Gel strips containing DD PCR fragments were excised, dried and soaked in 100 µl dH₂O for 10 min at room temperature, followed by incubation for 15 min in a boiling water bath. Eluted DNA in the presence of a glycogen carrier was ethanol precipitated and re-amplified by Taq DNA polymerase (2 units) in 40 µl of 20 mM Tris–HCl, pH 8.4, 50 mM KCl, 3 mM MgCl₂ containing 2.5 µM each of the appropriate anchored primer and specific 10-mer primer and 20 µM of each dNTP. PCR conditions were as described above. Finally, DNAs were cloned into a T/A cloning vector (pGEM-T Easy, Promega) or pBluescript (Stratagene) and at least three clones of each ligation were sequenced using an ABI prism 310 Genetic Analyzer (Perkin Elmer Applied Biosystems).

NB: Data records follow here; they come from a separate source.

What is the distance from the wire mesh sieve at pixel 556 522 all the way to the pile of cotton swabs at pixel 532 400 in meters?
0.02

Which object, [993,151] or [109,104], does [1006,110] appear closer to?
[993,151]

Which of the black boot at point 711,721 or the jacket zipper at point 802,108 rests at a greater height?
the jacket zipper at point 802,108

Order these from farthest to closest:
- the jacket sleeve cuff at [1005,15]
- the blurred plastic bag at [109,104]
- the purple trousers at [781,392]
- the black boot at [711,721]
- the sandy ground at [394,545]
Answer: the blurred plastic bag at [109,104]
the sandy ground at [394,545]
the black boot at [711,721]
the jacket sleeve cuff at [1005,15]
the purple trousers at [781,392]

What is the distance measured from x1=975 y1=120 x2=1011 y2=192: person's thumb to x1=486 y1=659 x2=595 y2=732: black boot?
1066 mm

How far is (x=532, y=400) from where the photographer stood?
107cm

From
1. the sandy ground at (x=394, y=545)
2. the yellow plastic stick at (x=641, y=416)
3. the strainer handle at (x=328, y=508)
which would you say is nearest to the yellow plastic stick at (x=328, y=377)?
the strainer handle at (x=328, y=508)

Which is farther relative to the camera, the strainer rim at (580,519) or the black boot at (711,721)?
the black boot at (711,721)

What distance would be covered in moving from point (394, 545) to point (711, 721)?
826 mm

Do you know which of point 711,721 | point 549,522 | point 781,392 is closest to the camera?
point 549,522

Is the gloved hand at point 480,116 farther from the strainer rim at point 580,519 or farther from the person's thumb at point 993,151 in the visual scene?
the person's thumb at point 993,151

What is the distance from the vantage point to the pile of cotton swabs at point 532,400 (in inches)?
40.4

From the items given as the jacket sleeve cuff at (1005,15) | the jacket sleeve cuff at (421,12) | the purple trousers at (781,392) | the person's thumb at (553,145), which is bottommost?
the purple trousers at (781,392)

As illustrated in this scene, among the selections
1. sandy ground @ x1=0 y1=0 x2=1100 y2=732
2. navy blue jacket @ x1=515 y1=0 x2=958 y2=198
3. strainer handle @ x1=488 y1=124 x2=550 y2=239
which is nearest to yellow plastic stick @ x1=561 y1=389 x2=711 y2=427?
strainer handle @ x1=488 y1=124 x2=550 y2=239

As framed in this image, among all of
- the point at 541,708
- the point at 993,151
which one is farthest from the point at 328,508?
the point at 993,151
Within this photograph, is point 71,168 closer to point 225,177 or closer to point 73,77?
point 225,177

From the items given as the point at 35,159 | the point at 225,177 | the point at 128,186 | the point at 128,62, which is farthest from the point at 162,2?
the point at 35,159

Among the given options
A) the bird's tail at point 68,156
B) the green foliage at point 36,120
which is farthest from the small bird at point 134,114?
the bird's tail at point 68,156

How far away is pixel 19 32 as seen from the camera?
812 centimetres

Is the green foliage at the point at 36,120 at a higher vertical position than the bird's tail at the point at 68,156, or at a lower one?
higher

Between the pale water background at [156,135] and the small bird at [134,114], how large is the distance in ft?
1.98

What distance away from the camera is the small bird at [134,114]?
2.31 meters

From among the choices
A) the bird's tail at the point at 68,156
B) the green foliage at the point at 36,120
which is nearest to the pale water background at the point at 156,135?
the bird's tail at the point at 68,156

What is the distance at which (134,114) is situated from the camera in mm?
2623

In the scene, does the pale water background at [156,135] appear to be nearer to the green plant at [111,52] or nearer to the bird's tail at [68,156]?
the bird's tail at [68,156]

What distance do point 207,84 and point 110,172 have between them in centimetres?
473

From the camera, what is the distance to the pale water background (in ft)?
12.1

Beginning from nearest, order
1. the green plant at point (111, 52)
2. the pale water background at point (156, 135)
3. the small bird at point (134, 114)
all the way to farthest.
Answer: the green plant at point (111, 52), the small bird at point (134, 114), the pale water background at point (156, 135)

2.1.2 Slot(dot)-blot analysis
For the screening of the DD DNA products a slot-blot procedure was applied as described by Mou et al. [33]. Of each plasmid DNA 250 ng was denatured for 10 min at 100 °C in 0.4 M NaOH, 10 mM EDTA and transferred onto a pre-cut nylon membrane (Zeta-Probe, Biorad). The DNA in each well was washed with 0.4 M NaOH, 10 mM EDTA and immobilised by UV cross-linking. Each membrane was pre-hybridised for 1 h at 60 °C in 0.5 M Na₂HPO₄, pH 7.2, 1 mM EDTA, 7% SDS. For probes, 10 µg of pooled (from five goats) total RNA and 2.5 µg oligodT were incubated at 65 °C for 10 min. Reverse transcription was performed for 1.5 h at 37 °C with 600 U M-MLV reverse transcriptase (GibcoBRL) in 50 µl 50 mM Tris–HCl, pH 8.3, 75 mM KCl, 3 mM MgCl₂, 10 mM DTT, 1 mM of dATP, dGTP and dTTP, in the presence of 40 U RNase inhibitor RNasin (Promega) and 50 µCi [-³²P]dCTP. Following purification over Sephadex G50, probes were denatured for 5 min at 95 °C and added to the pre-hybridisation mix. Following overnight incubation at 60 °C, membranes were washed in phosphate buffer/SDS with increasing stringency and exposed to a phosphorimaging screen (Biorad). For image analysis either Image Quant^® (Molecular Dynamics) or Quantity One^® version 4.2.1. (Biorad) software was used. For analysis of the time series, 500 ng amplified DNA fragments were transferred onto Hybond N⁺ membranes (Amersham) following the same procedure. Probe labelling and hybridisation was as described above.

The expression level of each clone was normalised to that of at least two out of four different controls; a clone from a goat atrium cDNA library encoding part of the GAPDH housekeeping gene and three cloned DD-DNAs selected on the basis of equal gel display in AF and SR.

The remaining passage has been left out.